TASK BRIEF: Please repeat every entry exactly as written, but skip the pictures.

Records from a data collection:
Content starts

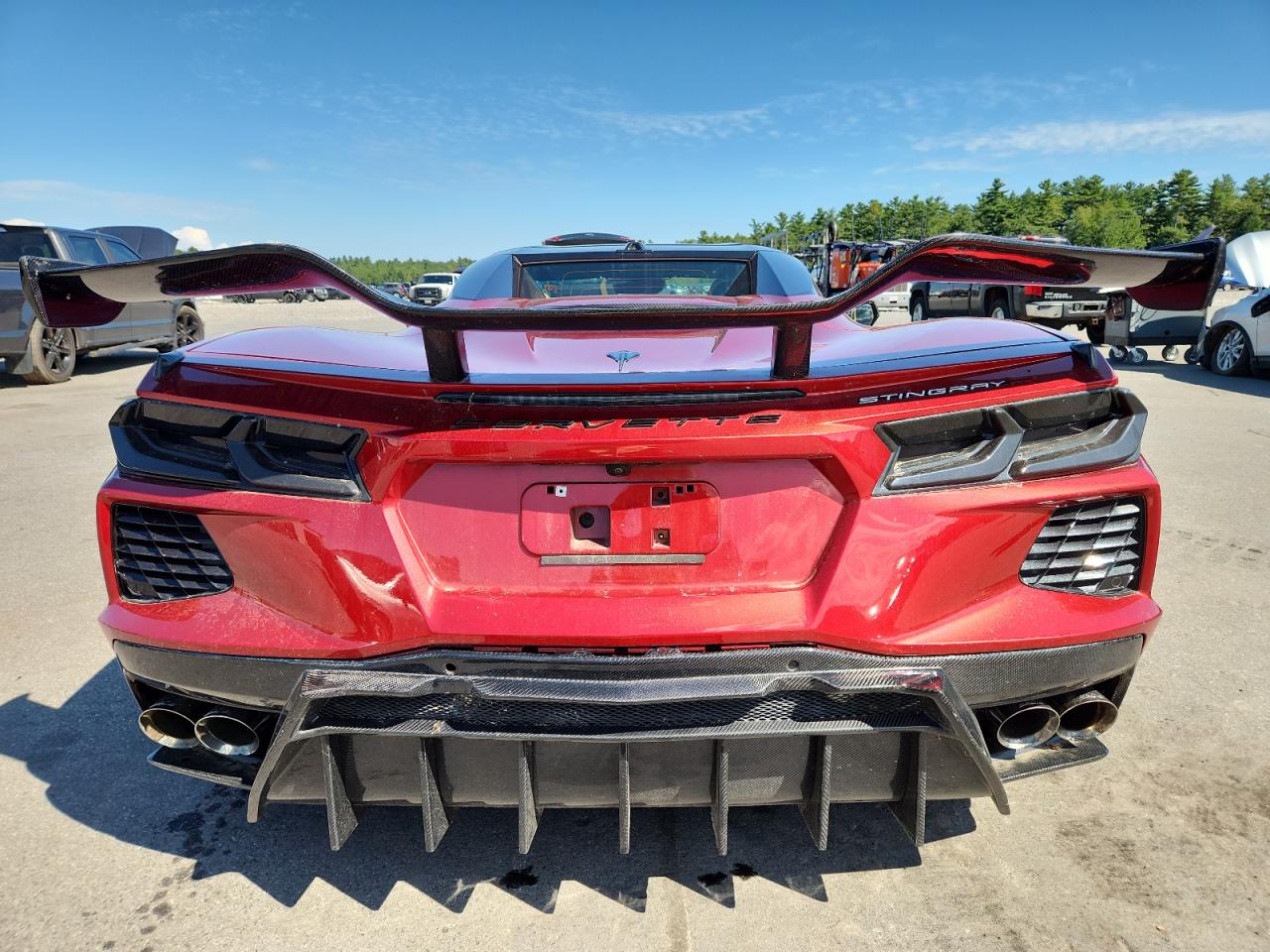 2022 Chevrolet Corvette Stingray 2Lt VIN: 1G1YB3D47N5121493 Lot: 70452345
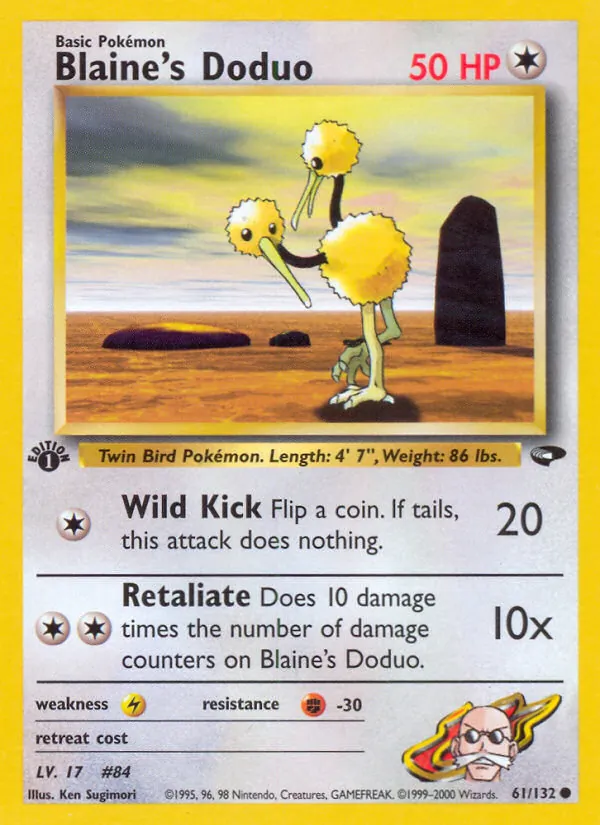 Blaine's Doduo Gym Challenge 61/132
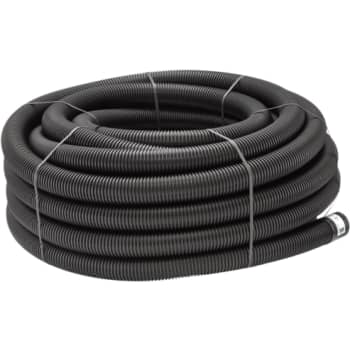 [199011005] Uponor 126/113 mm PE-drænrør med 1,2 x 6,5 mm slids, 50 m, sort
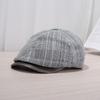 Vintage jacquard denim forward hat girl show face small spring and summer painter hat street duck bill newsboy hat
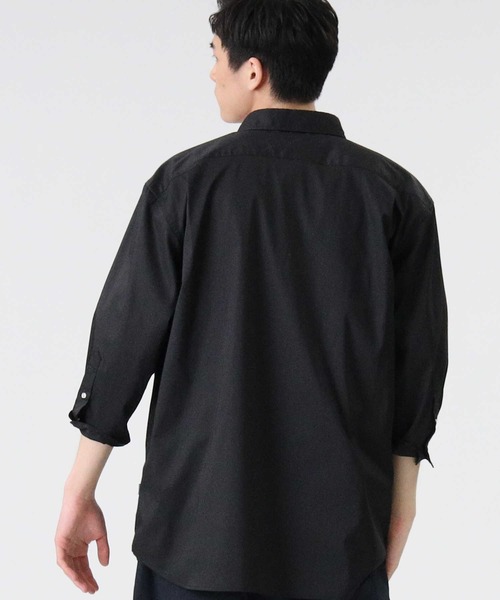 BACK NUMBER（バックナンバー）の「【BACK NUMBER】DRY7分袖レギュラーカラーシャツ（シャツ/ブラウス・メンズ・ホワイト/サックスブルー/ネイビー/ベージュ/ケリー/ブラック・L/S/M/XL）」の18枚目の写真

Content ends

RESULT:
 2022 Chevrolet Corvette Stingray 2Lt VIN: 1G1YB3D47N5121493 Lot: 70452345
 Blaine's Doduo Gym Challenge 61/132
 [199011005] Uponor 126/113 mm PE-drænrør med 1,2 x 6,5 mm slids, 50 m, sort
 Vintage jacquard denim forward hat girl show face small spring and summer painter hat street duck bill newsboy hat
 BACK NUMBER（バックナンバー）の「【BACK NUMBER】DRY7分袖レギュラーカラーシャツ（シャツ/ブラウス・メンズ・ホワイト/サックスブルー/ネイビー/ベージュ/ケリー/ブラック・L/S/M/XL）」の18枚目の写真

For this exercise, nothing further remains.